Yesterday I was watching a show with a friend and I tried to manually track it in Trakt – but it wasn’t there! That is, the show was there but the 2 most recent seasons were missing. I found the show’s website and they had a complete listing of the episodes, with descriptions and air dates. How can I get this data in TMDB and TVDB so that I can track it in Trakt?
Both sites are missing a “bulk add” feature – likely to prevent flooding the site with bad data. You can enter episodes one at a time though, so I decided to take a peek at how the frontend was sending this to the backend. I found the two POST requests and they seemed simple enough to replicated. We’ll walk through it here.
Scrobbling
I’m a big fan of quantified self (QS) and media consumption. Last.fm introduced “scrobbling” so that music playback data could be pulled to a central location. Insights can be gained from data like this.
Spotify has their year-end round-up, which is possible since they have all the data – consumption goes through them. “Spotify Wrapped” is a funway to show a user their data.

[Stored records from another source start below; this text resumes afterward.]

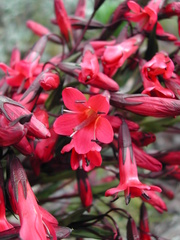 Gentianella weberbaueri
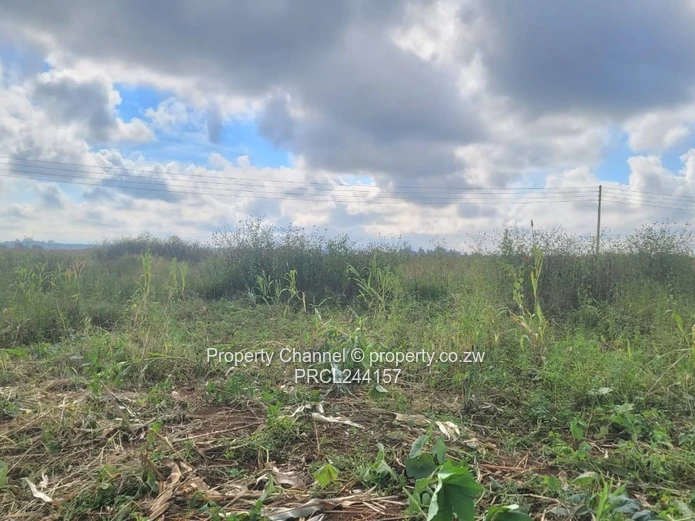 SUNSET VIEWS - Prime Residential Stand 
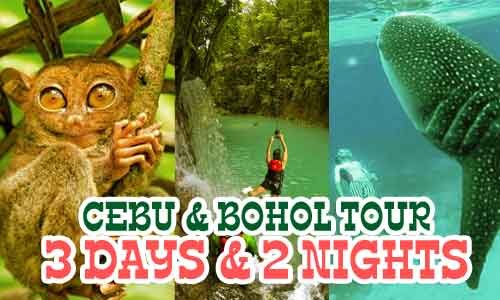 Cebu Bohol tour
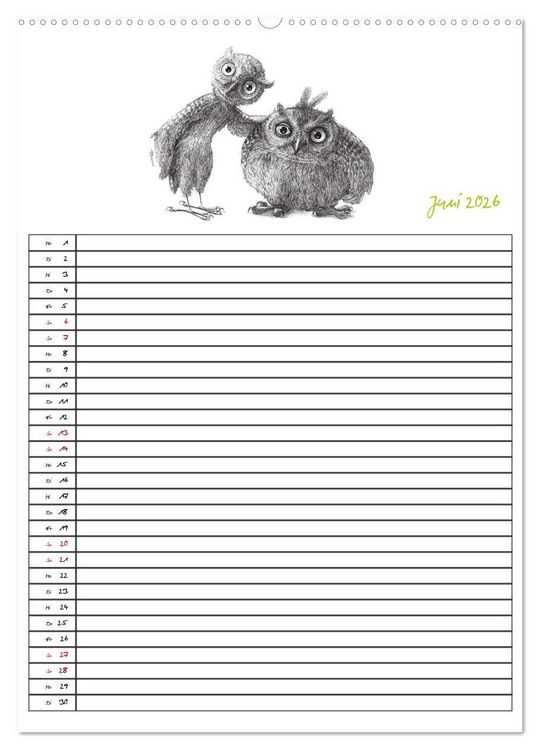 Produktbild: Tieronisch Eulen (Wandkalender 2026 DIN A2 hoch), CALVENDO Monatskalender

On the video side, services like XBMC and Plex can be set up to scrobble to Trakt. They do some version of the “Wrapped” year-end report. It’s also useful for pushing out data – your watched data (progress on watching a TV show or movie) can be pushed back to some clients, so they can be restored after reinstall or synced across devices.
Trakt pulls its own data of what movies/shows/episodes exist in the universe from other data sources like TVDB and TMDB. Occasionally shows, seasons, or episodes are missing from these sources. Users can contribute to correct, update, or otherwise fill in the gaps in this data.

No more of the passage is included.